Imputation of missing daily rainfall data; A comparison between artificial intelligence and statistical techniques

MethodsX. 2023 Oct 27:11:102459. doi: 10.1016/j.mex.2023.102459. eCollection 2023 Dec.

Abstract

Handling missing values is a critical component of the data processing in hydrological modeling. The key objective of this research is to assess statistical techniques (STs) and artificial intelligence-based techniques (AITs) for imputing missing daily rainfall values and recommend a methodology applicable to the mountainous terrain of northern Thailand.
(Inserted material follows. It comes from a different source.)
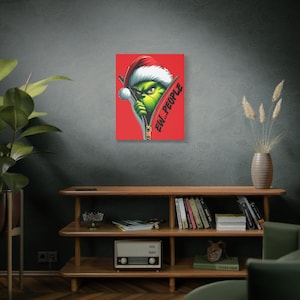 Red Grinch Canvas Art: &#39;Ewww People&#39; Zipper Design for Fun Decor, Playful Grinch Canvas Wall Art - &#39;Ewww People&#39; 3D Zipper Design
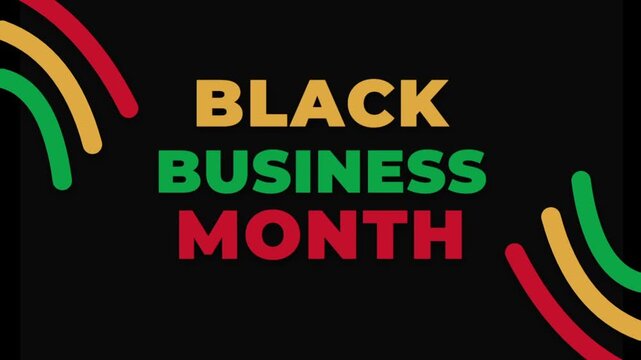 Bold Black Business Month typographic design with vibrant pan-African colored arch lines on a black background for social media promotional graphics and diversity campaign headers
In this study, 30 years of daily rainfall data was collected from 20 rainfall stations in northern Thailand and randomly 25-35 % of data was deleted from four target stations based on Spearman correlation coefficient between the target and neighboring stations. Imputation models were developed on training and testing datasets and statistically evaluated by mean absolute error (MAE), root mean square error (RMSE), coefficient of determination (R2), and correlation coefficient (r). This study used STs, including arithmetic averaging (AA), multiple linear regression (MLR), normal-ratio (NR), nonlinear iterative partial least squares (NIPALS) algorithm, and linear interpolation was used.•STs results were compared with AITs, including long-short-term-memory recurrent neural network (LSTM-RNN), M5 model tree (M5-MT), multilayer perceptron neural networks (MLPNN), support vector regression with polynomial and radial basis function SVR-poly and SVR-RBF.•The findings revealed that MLR imputation model achieved an average MAE of 0.98, RMSE of 4.52, and R2 was about 79.6 % at all target stations. On the other hand, for the M5-MT model, the average MAE was 0.91, RMSE was about 4.52, and R2 was around 79.8 % compared to other STs and AITs. M5-MT was most prominent among AITs. Notably, the MLR technique stood out as a recommended approach due to its ability to deliver good estimation results while offering a transparent mechanism and not necessitating prior knowledge for model creation.

Keywords: AITs for Imputation missing daily rainfall data; Artificial intelligence; Deep learning; Imputation; Machine learning; Missing data; Neural networks; Rainfall.